Current Metrics:No model tracking or versioning system is in place, leading to confusion about which model is best or currently deployed.
Issue:Without a model registry, it is hard to manage model versions, track metadata, and deploy the best model reliably.
Your Task
Set up a simple model registry system to save, version, and load models with metadata, enabling easy tracking and deployment.
Use Python and a local file system for storing models and metadata.
Do not use any external model registry services or databases.
Keep the solution simple and beginner-friendly.
Hint 1
Hint 2
Hint 3
Solution
ML Python
import os
import json
import joblib
from datetime import datetime

class SimpleModelRegistry:
    def __init__(self, registry_dir='model_registry'):
        self.registry_dir = registry_dir
        os.makedirs(self.registry_dir, exist_ok=True)
        self.metadata_file = os.path.join(self.registry_dir, 'metadata.json')
        if not os.path.exists(self.metadata_file):
            with open(self.metadata_file, 'w') as f:
                json.dump([], f)

    def register_model(self, model, version, metrics):
        model_path = os.path.join(self.registry_dir, f'model_v{version}.joblib')
        joblib.dump(model, model_path)
        with open(self.metadata_file, 'r') as f:
            metadata = json.load(f)
        metadata.append({
            'version': version,
            'model_path': model_path,
            'metrics': metrics,
            'registered_at': datetime.now().isoformat()
        })
        with open(self.metadata_file, 'w') as f:
            json.dump(metadata, f, indent=2)
        print(f'Model version {version} registered successfully.')

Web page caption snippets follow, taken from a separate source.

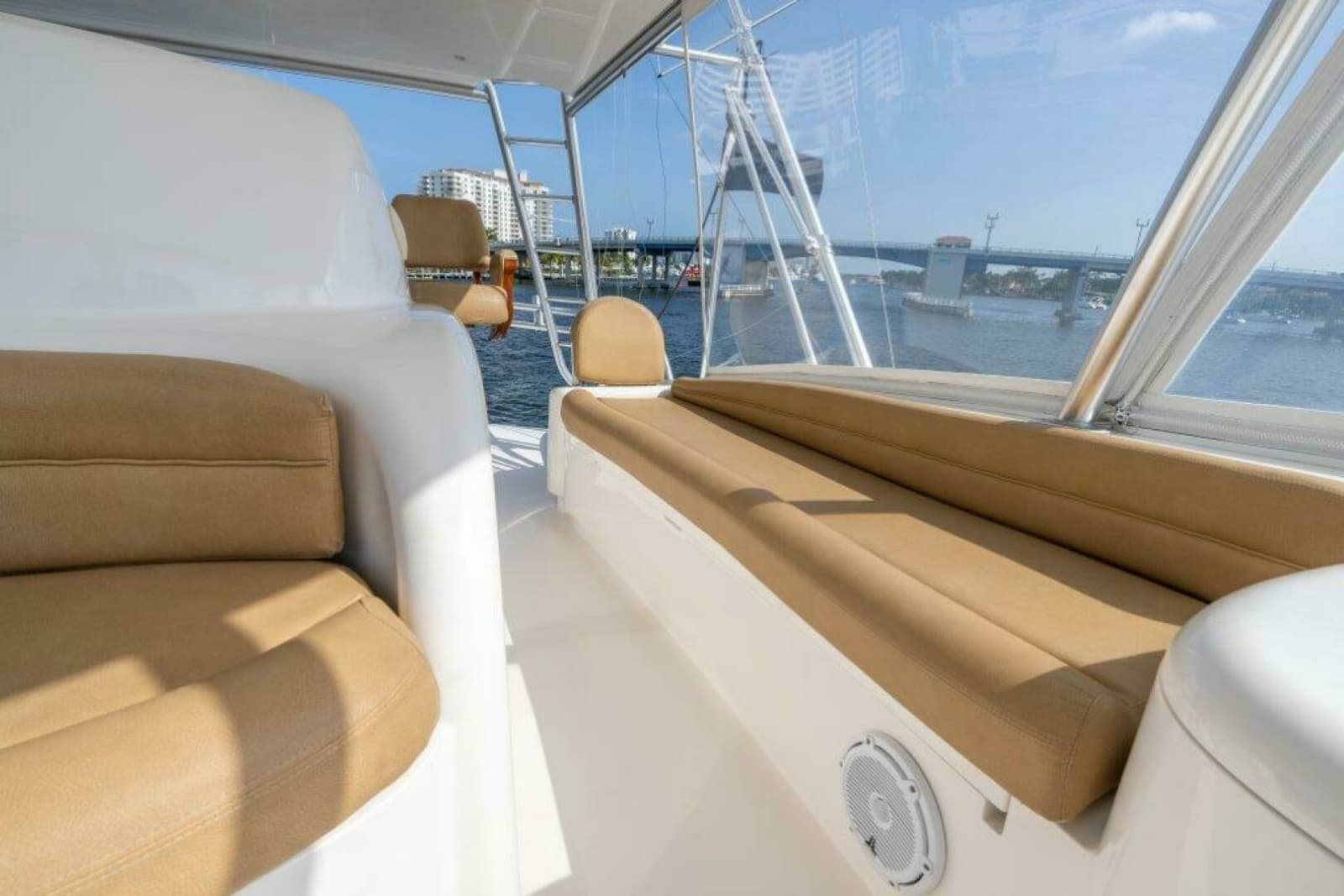 2015 Viking 66 No Collars - Flybridge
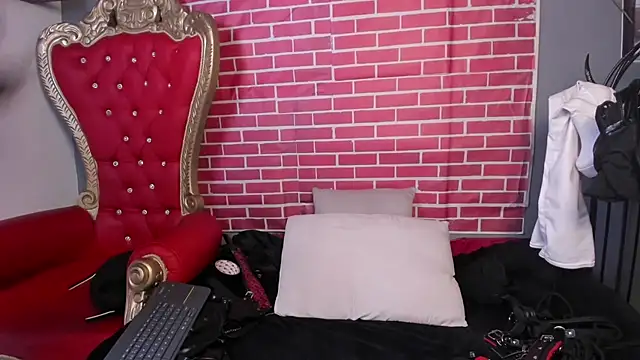 Snapshot of LiliThara chatting on 06.11.26 LiliThara online show from 06.11.26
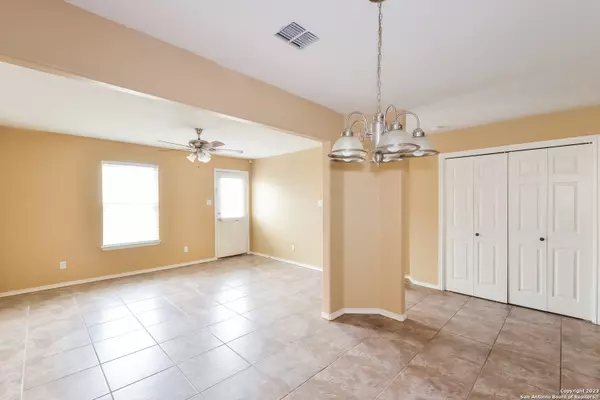 San Antonio, TX 78252,5503 Hidden Canyon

    def load_model(self, version=None):
        with open(self.metadata_file, 'r') as f:
            metadata = json.load(f)
        if not metadata:
            print('No models registered yet.')
            return None
        if version is None:
            # Load latest version
            latest = max(metadata, key=lambda x: x['version'])
            version = latest['version']
        else:
            latest = next((m for m in metadata if m['version'] == version), None)
            if latest is None:
                print(f'Model version {version} not found.')
                return None
        model = joblib.load(latest['model_path'])
        print(f'Model version {version} loaded.')
        return model

# Example usage:
if __name__ == '__main__':
    from sklearn.datasets import load_iris
    from sklearn.tree import DecisionTreeClassifier
    from sklearn.model_selection import train_test_split
    from sklearn.metrics import accuracy_score

    data = load_iris()
    X_train, X_test, y_train, y_test = train_test_split(data.data, data.target, test_size=0.3, random_state=42)

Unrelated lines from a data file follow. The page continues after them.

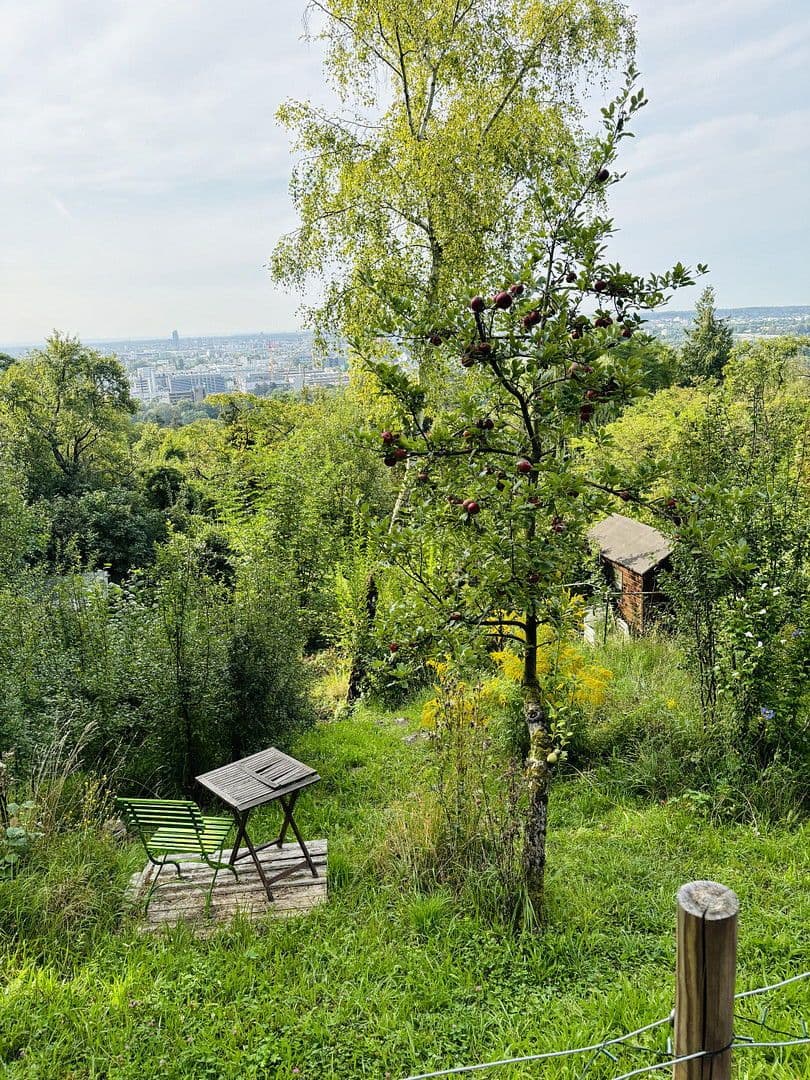 Prodej pozemku 701 m², Lohrberg, Seckbach, Frankfurt am Main, Hessen Prodej pozemku 701 m², Lohrberg, Seckbach, Frankfurt am Main, Hessen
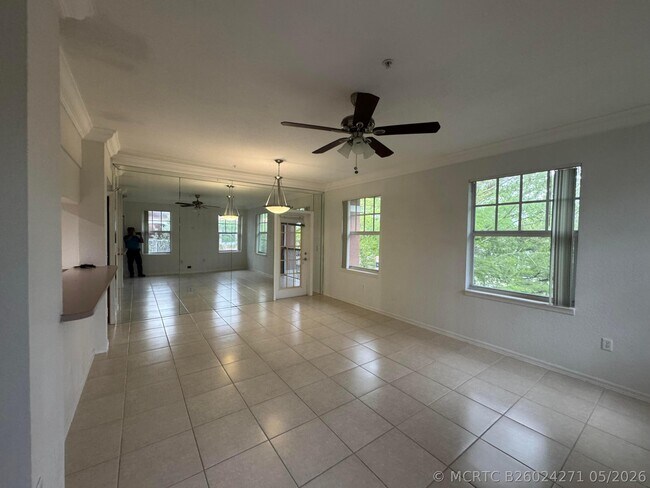 Foto del edificio - 6650 W Sample Rd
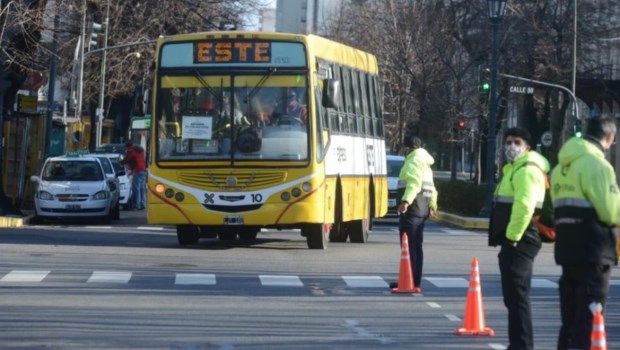 En La Plata se redujo 42 por ciento el uso del transporte público 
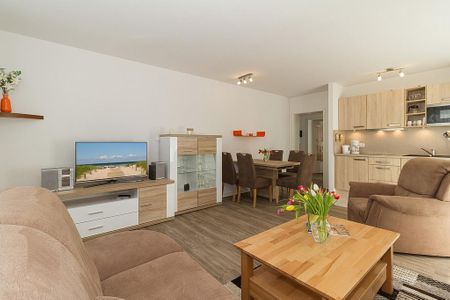 Strandschlösschen Strandschlösschen 09 Kühlungsborn - Wohn-Essbereich mit Couch und Flatscreen-TV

    model = DecisionTreeClassifier(random_state=42)
    model.fit(X_train, y_train)
    preds = model.predict(X_test)
    acc = accuracy_score(y_test, preds)

    registry = SimpleModelRegistry()
    registry.register_model(model, version=1, metrics={'accuracy': acc})

    loaded_model = registry.load_model()  # Loads latest
    loaded_preds = loaded_model.predict(X_test)
    loaded_acc = accuracy_score(y_test, loaded_preds)
    print(f'Loaded model accuracy: {loaded_acc:.2f}')
Created a SimpleModelRegistry class to save models and metadata in a local folder.
Used joblib to save and load model files with version numbers.
Stored metadata including version, path, metrics, and registration time in a JSON file.
Added methods to register new models and load models by version or latest.
Provided example usage with a decision tree on iris dataset showing registration and loading.
Results Interpretation

Before: No model tracking, no version control, confusion about best model.

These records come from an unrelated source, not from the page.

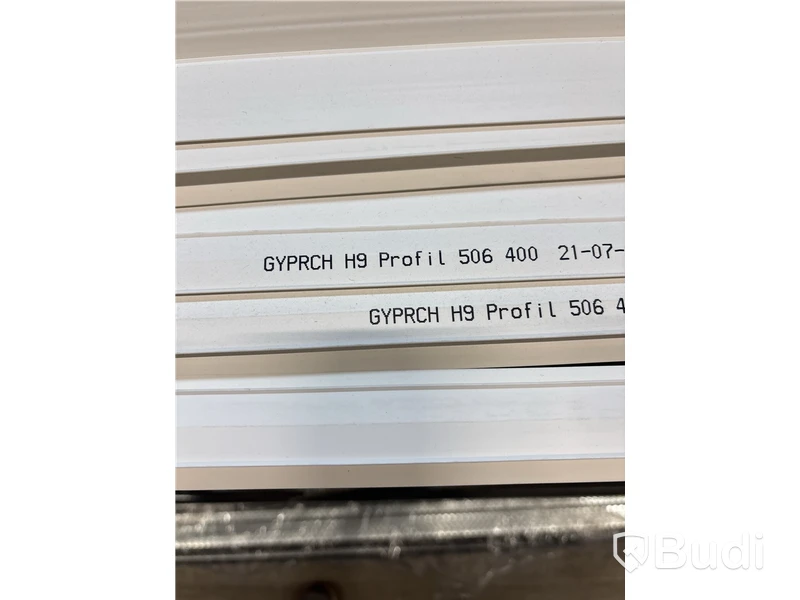 70 st. Profil Gyprch H9 H-PROFIL PVC 2700MM VIT, 295269
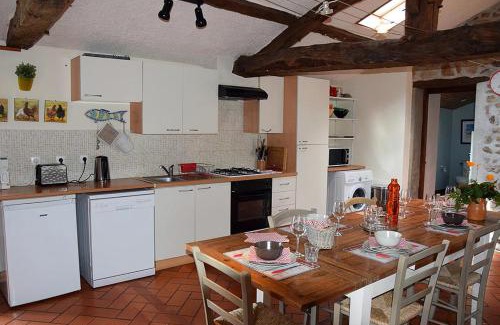 Chiche House | Gîte de La Pomerie: Oceanfront Retreat with Pool & Breakfast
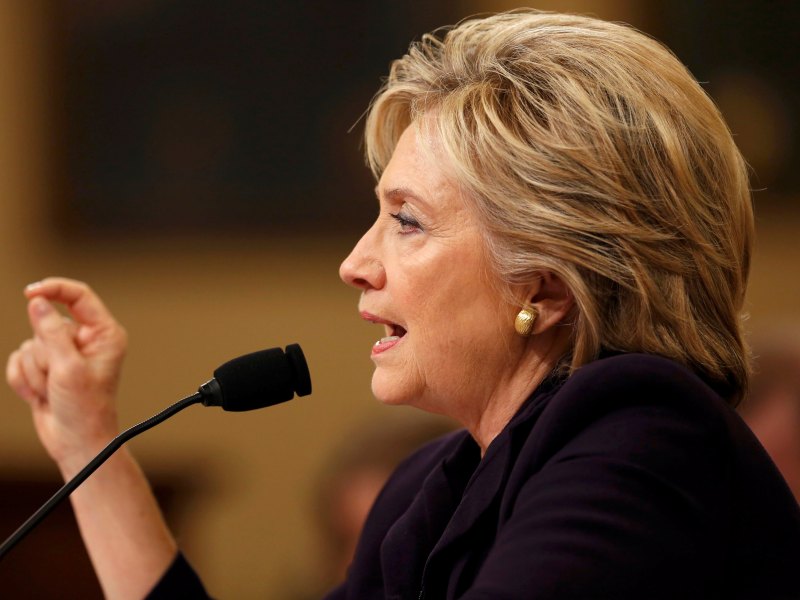 Ứng cử viên tổng thống Mỹ, cựu ngoại trưởng Hillary Clinton trong phiên điều trần tại Quốc hội Mỹ ngày 22.10.2015 - Ảnh: Reuters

After: Models saved with versions and metrics, easy to load specific or latest model reliably.

A model registry helps organize and manage machine learning models by saving versions and metadata, making deployment and tracking easier and less error-prone.
Bonus Experiment
Extend the model registry to keep track of model deployment status (e.g., 'staging', 'production') and allow switching the production model.
💡 Hint
Add a 'status' field in metadata and create methods to update and retrieve models by status.